Через полчаса мы кончаем наш разговор.
«Он мне сказал, крикнул:
— Зачем ты нам это рассказываешь? Признаешься зачем? Ведь стыдно! На вас, как на лягушках, поставили бесчеловечный опыт. Унизительный. Понимаешь, унизительный! А вы гордитесь, что выдержали?! Остались живы?! Лучше бы умереть! А теперь ждете сострадания. Благодарности. За что? Как там древние говорили? Человек — это мыслящий тростник… Удобрение, навоз, а не мыслящий тростник. Песок… Строительный материал для коммунизма… Меня родили в рабстве и учили жить в рабстве… В зоне… Вокруг шумел праздник жизни, а вы в нем не участвовали. Твое поколение… Вас держали то ли в клетке, то ли в контейнере. А ты хочешь, чтобы я это помнил?! Ты никогда не будешь свободным человеком. Я слышу, как и во мне течет твоя рабская кровь… Я сделал бы себе переливание крови!!! Клетки все поменял бы! Даже если бы у меня была возможность отсюда уехать, я все равно такого бы себя увез с собой… С твоим составом крови… С твоими клетками… Ненавижу!!!

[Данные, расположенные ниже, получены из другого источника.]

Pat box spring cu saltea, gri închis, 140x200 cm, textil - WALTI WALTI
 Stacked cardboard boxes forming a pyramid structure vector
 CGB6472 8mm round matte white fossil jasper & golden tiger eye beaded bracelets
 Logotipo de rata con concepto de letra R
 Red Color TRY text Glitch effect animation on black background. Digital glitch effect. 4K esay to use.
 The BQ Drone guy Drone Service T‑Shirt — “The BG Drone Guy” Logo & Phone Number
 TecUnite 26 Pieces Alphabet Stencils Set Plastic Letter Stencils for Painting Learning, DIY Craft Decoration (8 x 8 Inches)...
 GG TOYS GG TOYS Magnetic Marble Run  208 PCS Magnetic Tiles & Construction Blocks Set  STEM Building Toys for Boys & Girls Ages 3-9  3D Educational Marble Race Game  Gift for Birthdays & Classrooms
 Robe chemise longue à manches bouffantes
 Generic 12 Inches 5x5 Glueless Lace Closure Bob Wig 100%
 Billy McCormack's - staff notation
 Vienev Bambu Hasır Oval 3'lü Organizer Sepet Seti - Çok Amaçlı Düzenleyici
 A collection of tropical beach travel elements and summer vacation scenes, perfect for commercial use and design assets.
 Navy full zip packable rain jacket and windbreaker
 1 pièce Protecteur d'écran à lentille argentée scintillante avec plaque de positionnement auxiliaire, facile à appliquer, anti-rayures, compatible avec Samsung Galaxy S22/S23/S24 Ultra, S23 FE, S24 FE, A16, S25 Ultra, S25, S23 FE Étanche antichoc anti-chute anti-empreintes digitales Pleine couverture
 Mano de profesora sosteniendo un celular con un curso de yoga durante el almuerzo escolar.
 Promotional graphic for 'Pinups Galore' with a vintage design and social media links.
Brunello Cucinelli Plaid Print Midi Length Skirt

…Я пустила газ в квартиру… Включила радио…
Я была свободна… Я никогда не думала, что смогу это сделать…
Вы думаете, я не хочу жить? Я очень хочу жить! Я жизнью не налюбовалась…»
ВМЕСТО ЭПИЛОГА
Из сегодняшних газет:
«В России растет число самоубийств. „В 1991-м году 60 000 людей покончили с собой, это на 20 000 больше, чем год тому назад“, — сообщил руководитель Российского института общественно-политических исследований Геннадий Осипов, по информации агентства Интерфакс. „Россия стоит у пропасти, — заявил далее Осипов в разговоре за „круглым столом“, — миллион людей совершали попытку самоубийства, двадцать процентов населения, то есть пятая часть огромной страны, мечтают об эмиграции…“
Он сравнил нынешнюю ситуацию в России с XIII веком — перед татарским нашествием…»
«Франкфуртер Рундшау», 28 марта 1992 г.
«Горькая весть: Юлия Друнина покончила с собой. Она могла тысячу раз погибнуть на той войне, на которую ушла в семнадцать лет. А умерла по своей воле в гараже на даче… приняв снотворное и включив в машине выхлопной газ.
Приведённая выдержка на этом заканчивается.